Londres - A primeira-ministra britânica Theresa May insistiu nesta terça-feira diante dos deputados que "precisa de tempo" para discutir com a União Europeia (UE) as alterações do acordo sobre o Brexit que possam satisfazer seu Parlamento - mantendo a incerteza sobre as modalidades do divórcio.

Desde a rejeição contundente em janeiro deste acordo de retirada por parte dos deputados, May tenta reabrir as negociações com Bruxelas para elaborar uma nova versão do texto, mas até agora enfrentou o rechaço de seus homólogos europeus, conforme se aproxima a data do Brexit, marcado para 29 de março.

"Após chegarmos a um acordo com a UE sobre as negociações adicionais, agora precisamos de mais tempo para fechar o processo", afirmou diante da Câmara dos Comuns.

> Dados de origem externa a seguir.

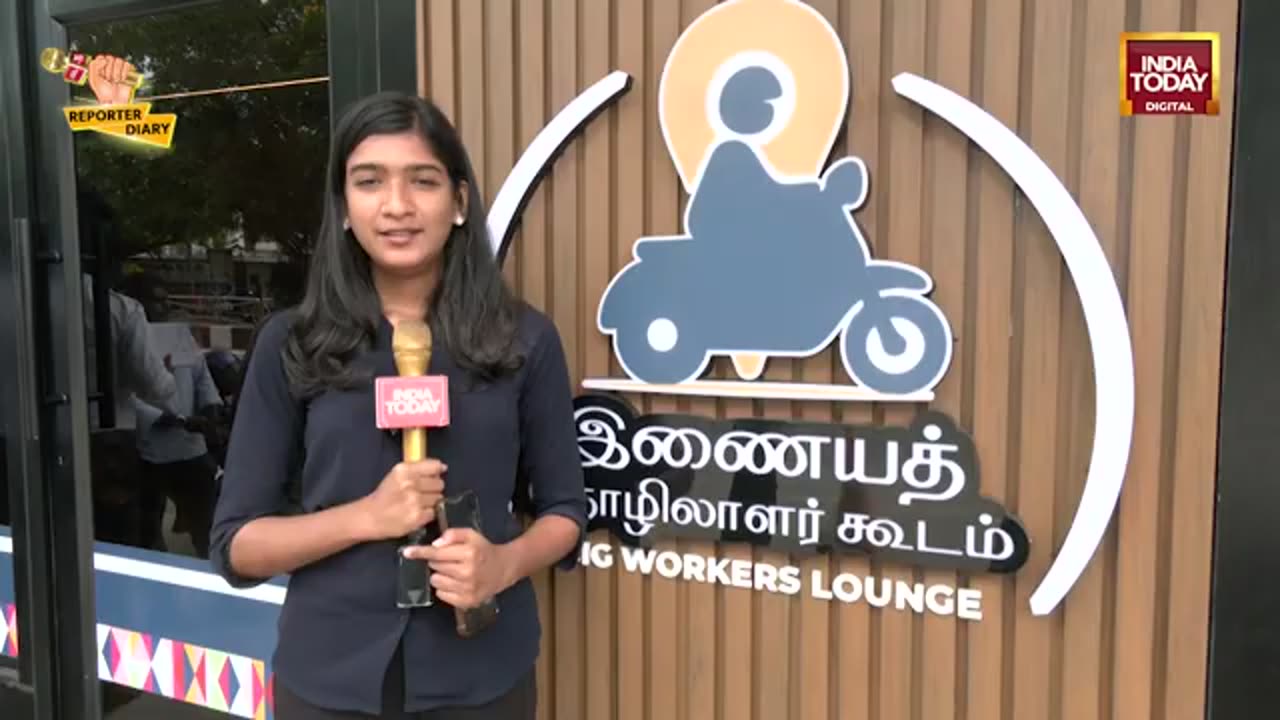 Greater_Chennai_Corporation_Launches_Gig_Workers_Lounge_For_Food_Delivery_Workers_In_Anna_Nagar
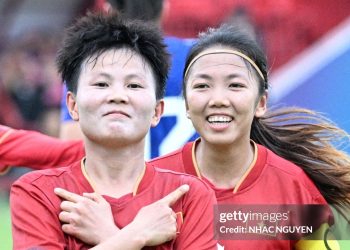 Bản lĩnh vô địch của tuyển nữ Việt Nam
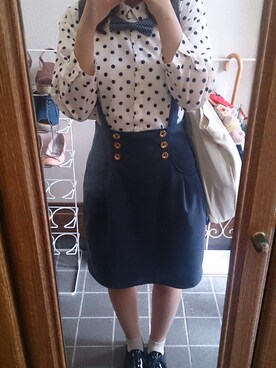 ゆりこ。さんのコーディネート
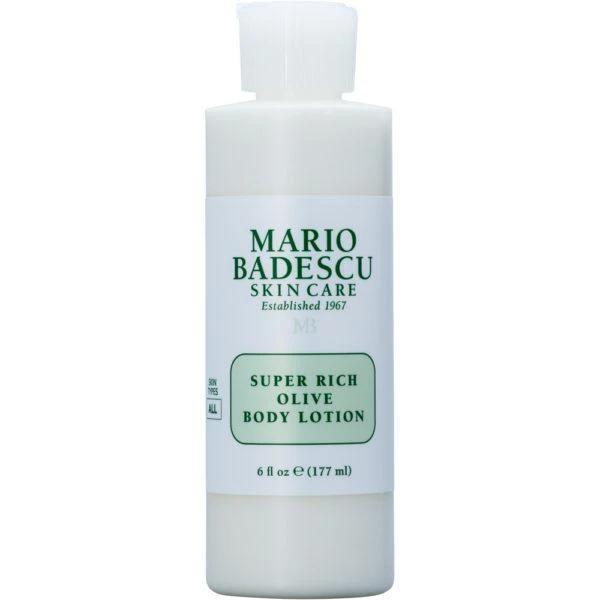 商品Mario Badescu|Super Rich Olive Body Lotion,价格¥74-¥163,第1张图片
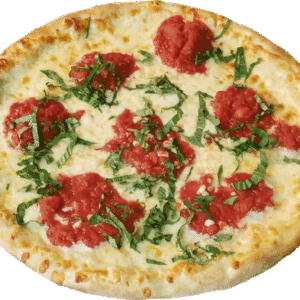 margherita pizza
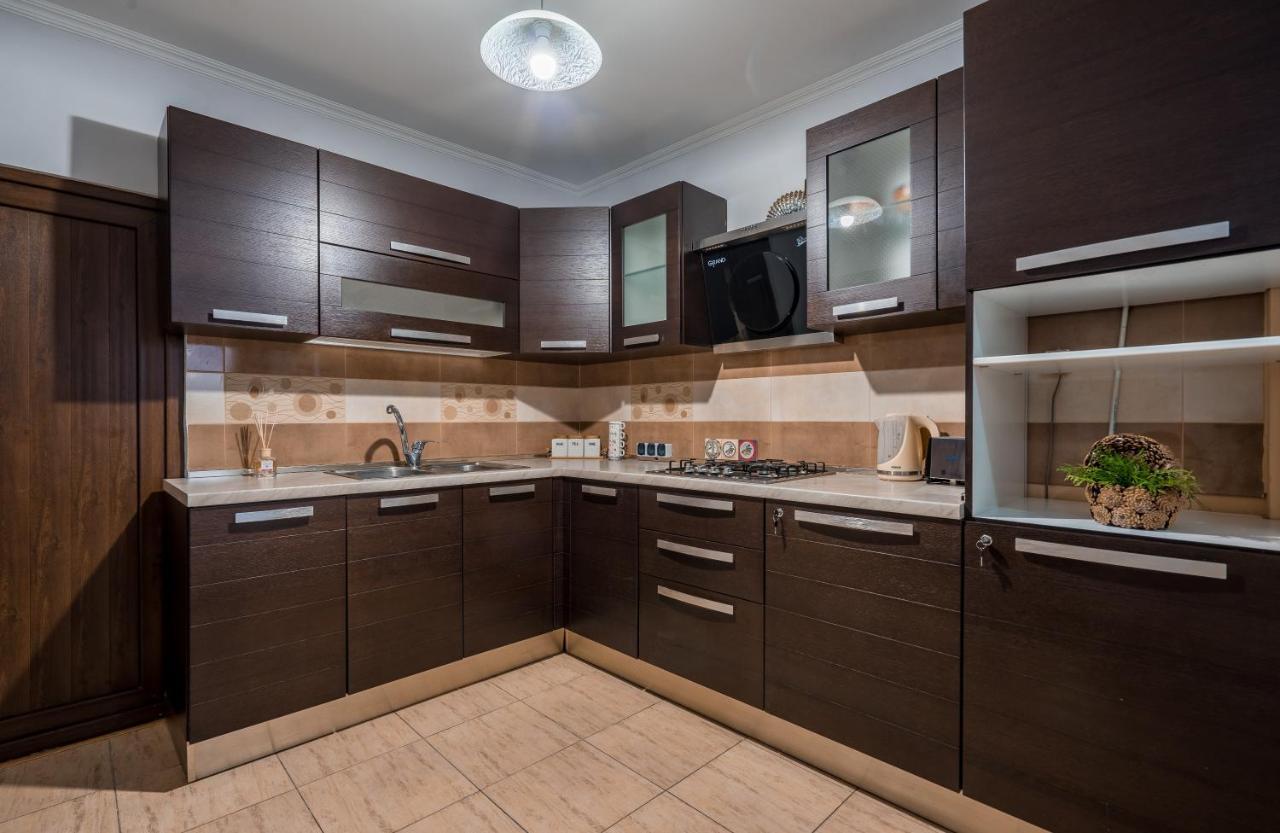 Golden View Apartment ティビリシ エクステリア 写真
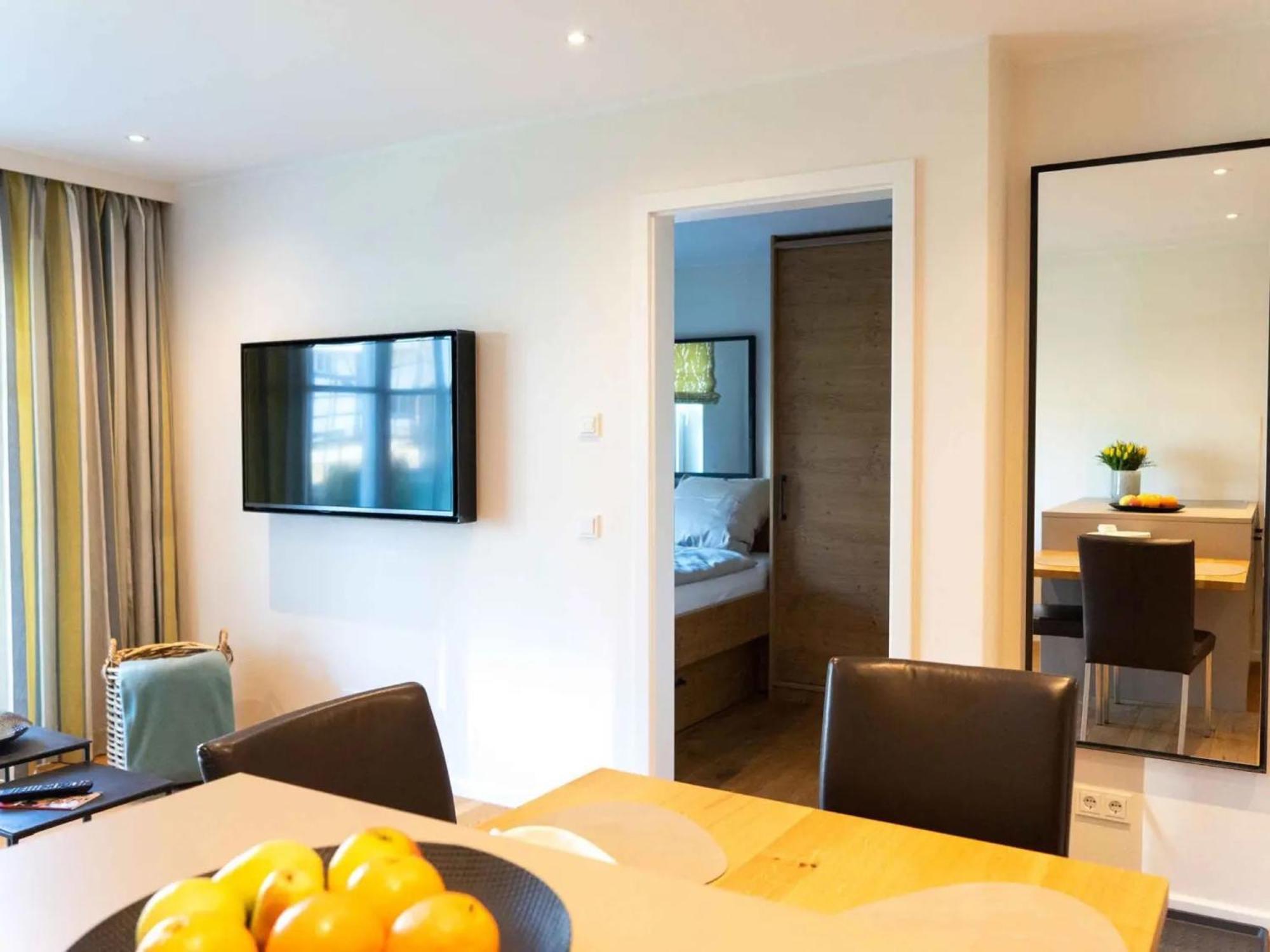 Hawerlaender Apartments 슈말렌부르크 외부 사진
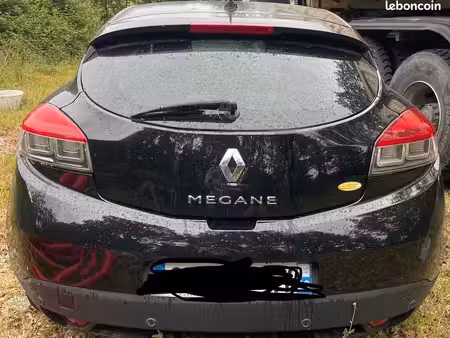 Renault Mégane dCi 130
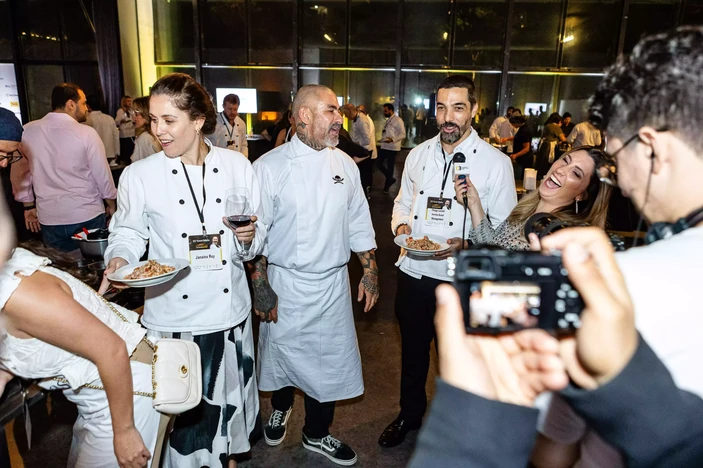 Team Building com Henrique Fogaça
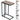 SG Traders™  C Shaped Table - - 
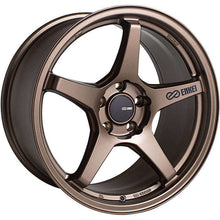 Load image into Gallery viewer, Enkei TS-5 18x8.5 5x108 40mm Offset 72.6mm Bore Gloss Bronze Wheel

"Quando tivermos realizado os progressos necessários, proporemos uma nova votação" sobre o acordo para sair da UE, garantiu sem dar detalhes.

May acrescentou que teria novos encontros com alguns dirigentes dos outros 27 países da UE na terça e ao longo da semana.

Deixar o tempo passar

O líder da oposição trabalhista, Jeremy Corbyn, acusou May de "brincar de deixar o tempo passar" para que os parlamentares não tenham alternativas conforme se aproxima o fim do prazo para concretizar o Brexit e, dessa forma, forçá-los a apoiar seu acordo inicial "extremamente imperfeito", para evitar o temido cenário de uma saída sem acordo.

As discussões entre May e os dirigentes europeus se centraram até agora no tema da segurança irlandesa, ou "backstop", com a qual busca-se evitar o retorno de uma fronteira física entre a Irlanda do Norte, britânica, e a República da Irlanda. Este acordo prevê, como último recurso, manter o Reino Unido em uma união aduaneira com a UE.

Mas isso é rechaçado pelos partidários do Brexit, já que, do seu ponto de vista, evitaria que o país rompa relações com a UE. Até agora, os dirigentes europeus se recusam a modificar este ponto.

Contudo, disseram que estão dispostos a modificar a "declaração política" que acompanha o tratado de retirada, um texto não vinculante que descreve a futura relação entre Londres e os 27 membros da UE, mas esta proposta é considerada insuficiente por Londres.

'Boa vontade'

O governo britânico está buscando apoio europeu para uma das três soluções apresentadas: a introdução de uma data-limite para a aplicação do "backstop"; a possibilidade de que o Reino Unido finalize unilateralmente o dispositivo; ou sua substituição por "acordos alternativos".

Para tentar convencer os líderes dos 27, os membros do Executivo britânico multiplicam as discussões. O ministro britânico de Relações Exteriores, Jeremy Hunt, falou com seu homólogo francês Jean-Yves Le Drian em Paris, nesta terça, durante um intercâmbio descrito como "aberto e profundo".

"As duas partes querem um acordo sobre o Brexit que mantenha a amizade entre Reino Unido, União Europeia e França. Portanto, a paciência, a boa vontade quanto ao 'backstop' é um ingrediente indispensável", escreveu no Twitter.

Já o ministro britânico encarregado do Brexit, Stephen Barclay, e David Lidington, número 2 do governo, tinham previsto discutir com os deputados europeus em Estrasburgo.

Stephen Barclay se reuniu na noite de segunda em Bruxelas com o negociador da UE, Michel Barnier, com o objetivo de tentar encontrar uma saída.

"Está claro de nosso lado que não vamos reabrir o acordo de retirada, mas vamos continuar nossas discussões nos próximos dias", afirmou Barnier ao fim da reunião, na qual afirmou ter tido diálogos "construtivos".